Taxman anticipates dip in revenue collections, again

Members of the public queue outside the Kenya Revenue Authority office in Nyeri to file their iTax returns

For the second time this year, the National Treasury has been asked to lower tax expectations.

The Kenya Revenue Authority (KRA) said it expected another revenue shortfall.

In the Kenya Gazette published last Friday, Treasury revised tax estimates to Sh1.415 trillion even as actual collections up to May summed up to Sh1.17 trillion, with one month to go.

In January, the taxman requested that the State reduce targets from Sh1.49 trillion to Sh1.439. This turned to be too ambitious.

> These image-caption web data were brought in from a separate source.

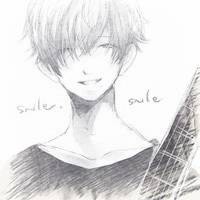 帅气卡通男生头像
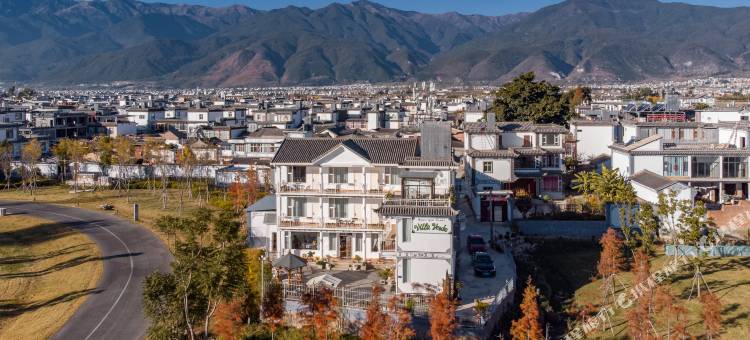 美丽相约·大理唯德庄园海景酒店图片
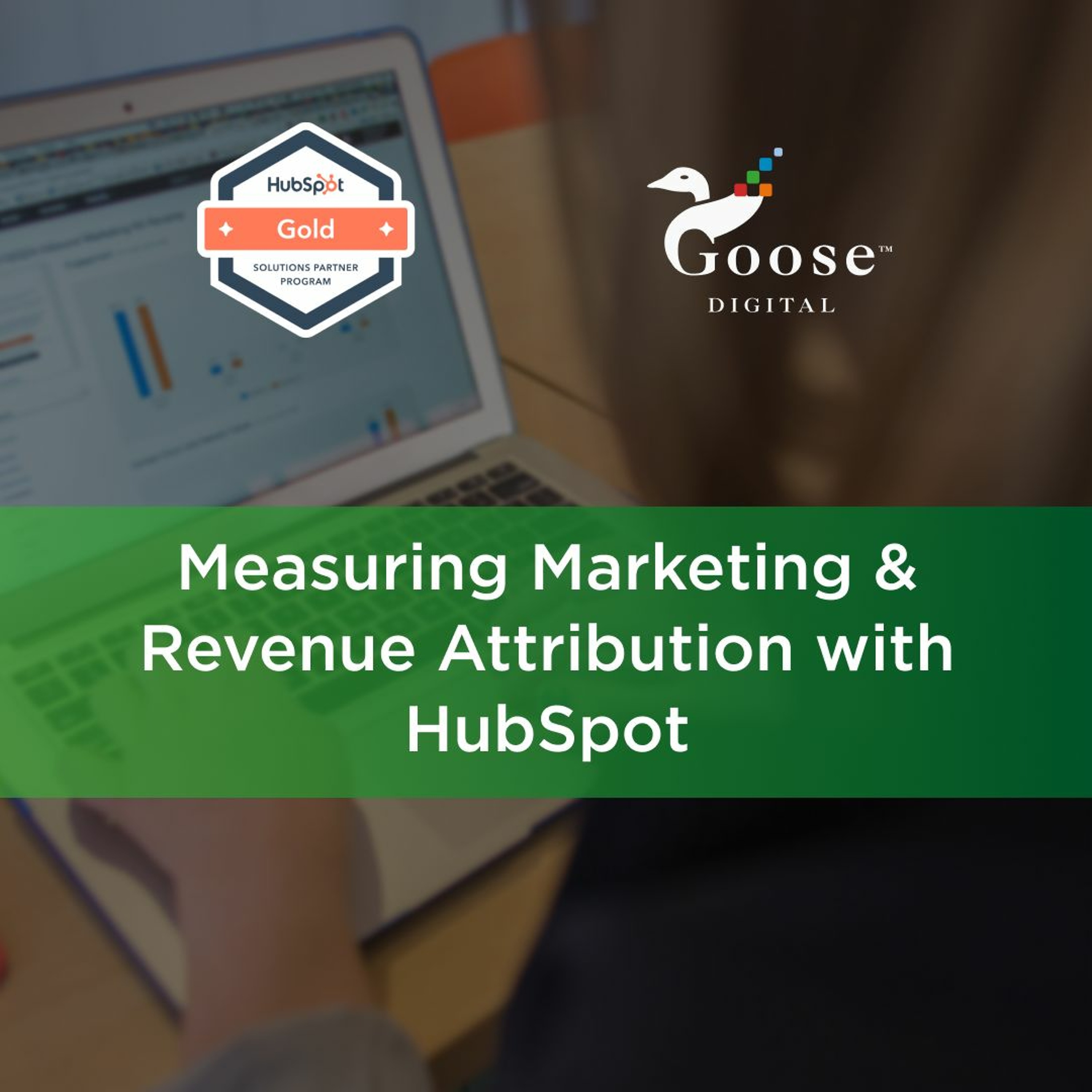 Measuring Marketing And Revenue Attribution With HubSpot - Webinar Replay episode artwork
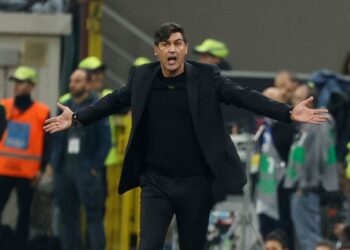 Paulo Fonseca AC Milan ميلان فونسيكا
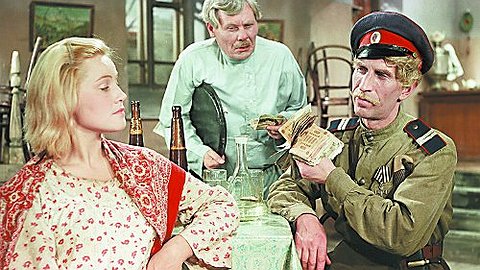 Трагедия великого комика-«инопланетянина»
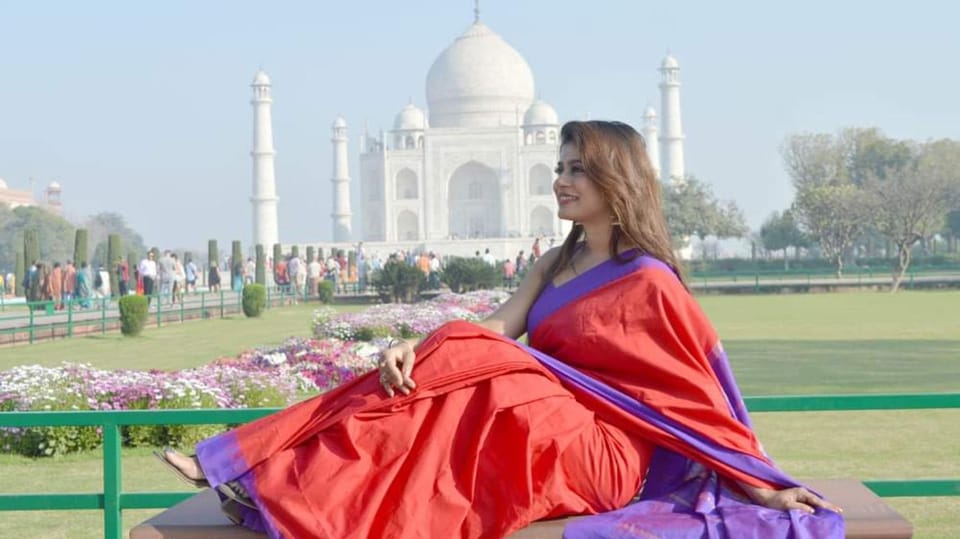 From Delhi: Taj Mahal & Agra Private Day Trip With Transfers - Frequently Asked Questions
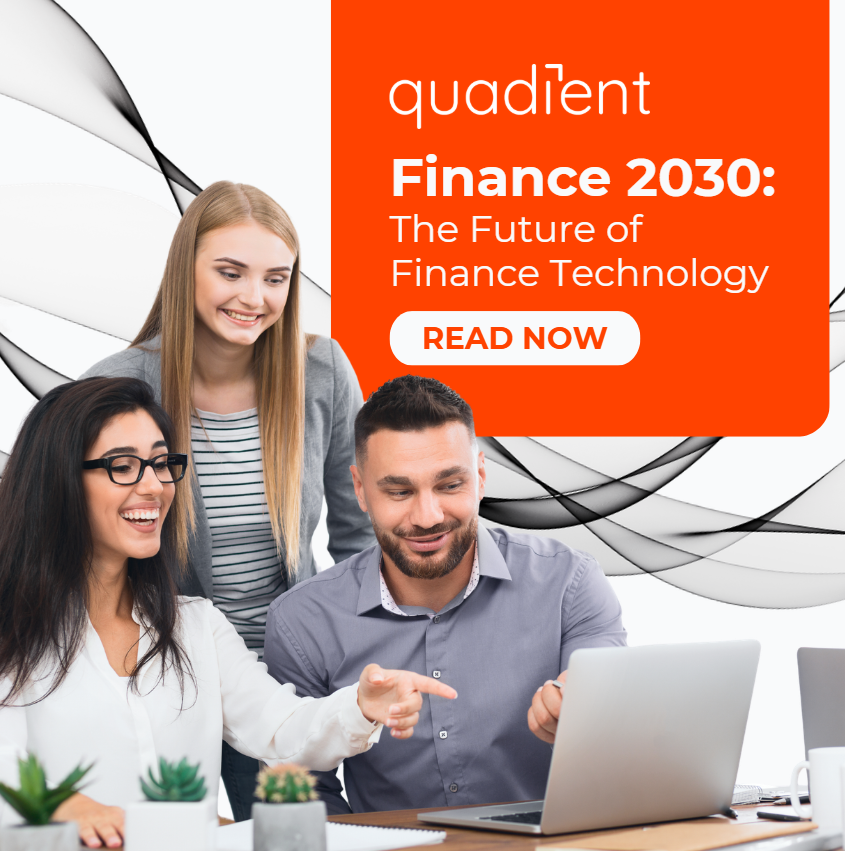 Finance 2030: The Future of Finance Technology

While projecting revenues for the second year at Sh1.7 trillion in taxes, Treasury seemed to be disconnected from reality, and this has worried experts.

“Over the past couple of years, our recurrent budget has overshot revenues over 100 per cent,” said Institute of Economic Affairs Progammes Coordinator John Mutua.

He added that last year’s recurrent spending was over 150 per cent of tax revenues. In 2016, it was about 130 per cent.

In 2014 and 2015, regular expenses of running State bureaucracy were above 140 per cent. This means the country has to depend on grants, fees and fines or debt to meet basic spending.

While grants and appropriation in aid are not guaranteed, Treasury has to borrow more cash, worsening the huge debt burden.

 Crackdown on counterfeits

This is also an indication that Kenya has inadequate cash to spend on development from tax receipts.

While Treasury insists that administrative reforms will help KRA net more taxes, the current shortfall shows that Treasury Cabinet Secretary Henry Rotich could be ‘milking a stone'.